» **Input material**
::::::
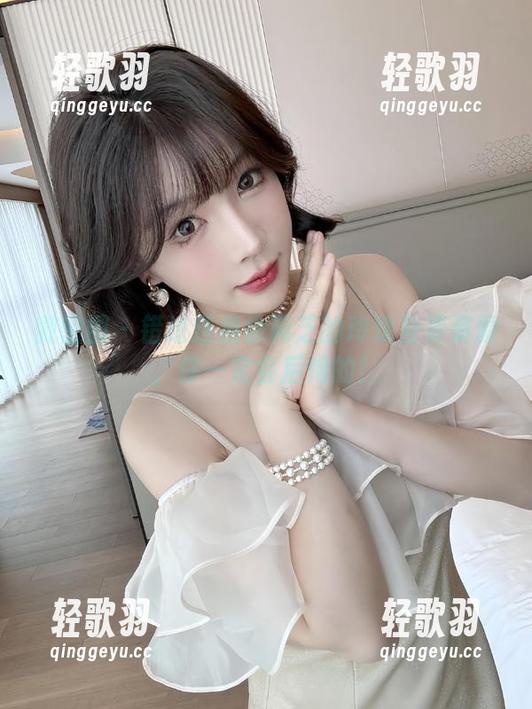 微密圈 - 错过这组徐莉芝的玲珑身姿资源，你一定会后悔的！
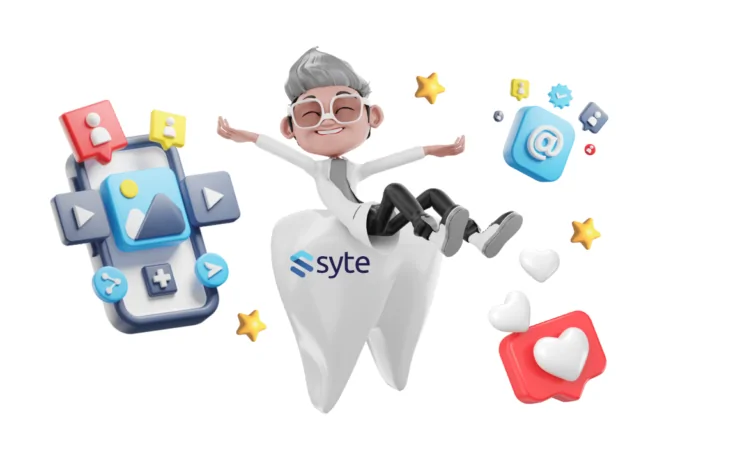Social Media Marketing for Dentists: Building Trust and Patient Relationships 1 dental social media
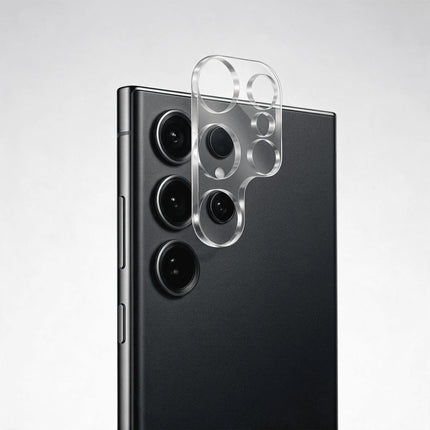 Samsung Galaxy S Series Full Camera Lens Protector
::::::
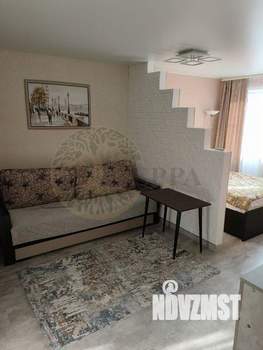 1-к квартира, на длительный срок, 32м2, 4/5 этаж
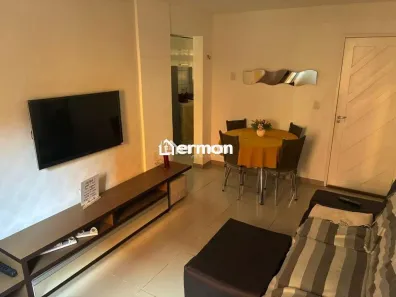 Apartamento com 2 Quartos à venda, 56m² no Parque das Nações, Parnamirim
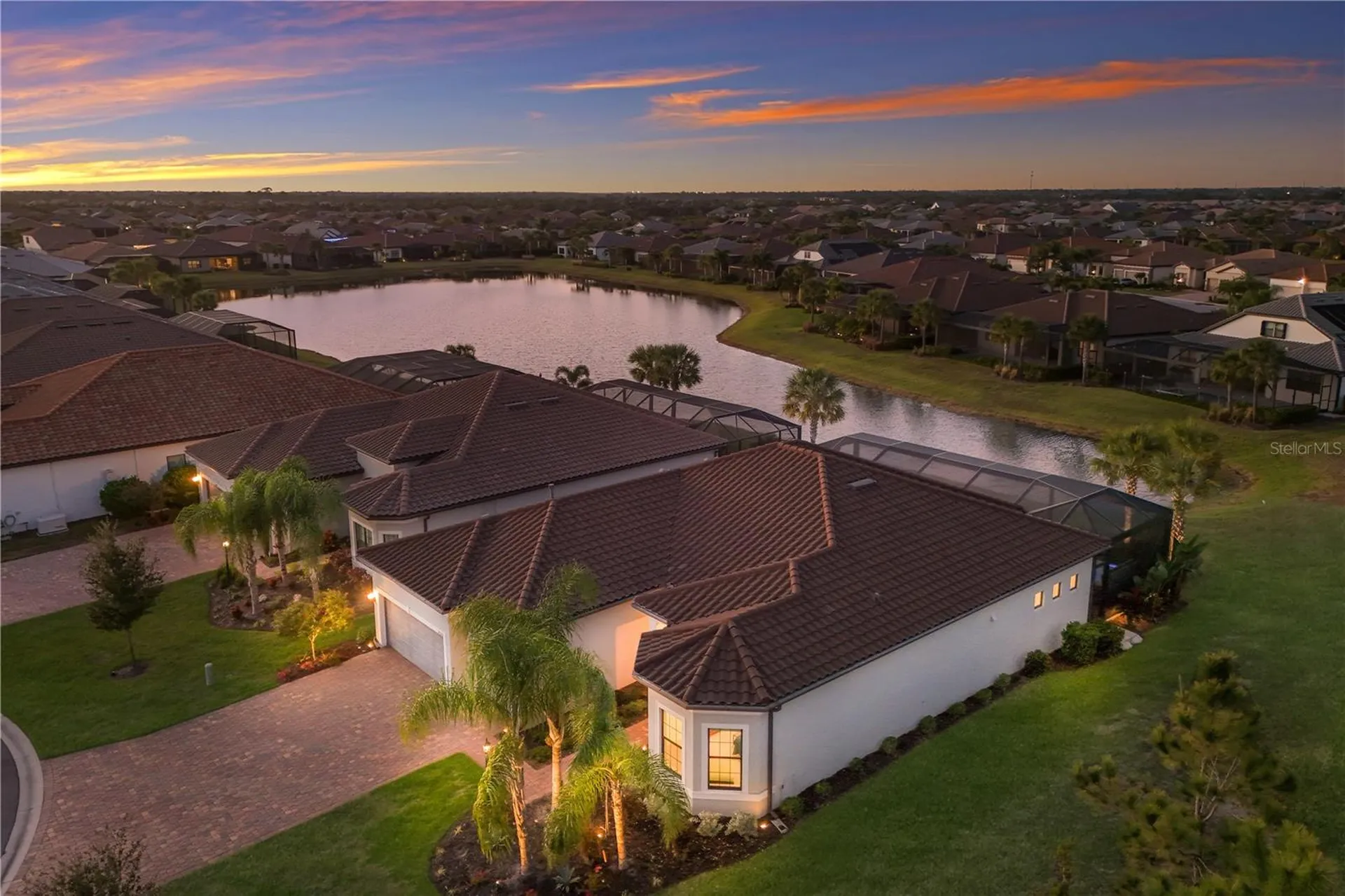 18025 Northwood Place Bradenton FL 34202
::::::
» **To do**
Could the stretch from the line with "微密圈 - 错过这组徐莉芝的玲珑身姿资源，你一定会后悔的！" through the line with "Samsung Galaxy S" in the listing above be restated word for word, minus the pictures?

» **Solution**
 微密圈 - 错过这组徐莉芝的玲珑身姿资源，你一定会后悔的！
Social Media Marketing for Dentists: Building Trust and Patient Relationships 1 dental social media
 Samsung Galaxy S Series Full Camera Lens Protector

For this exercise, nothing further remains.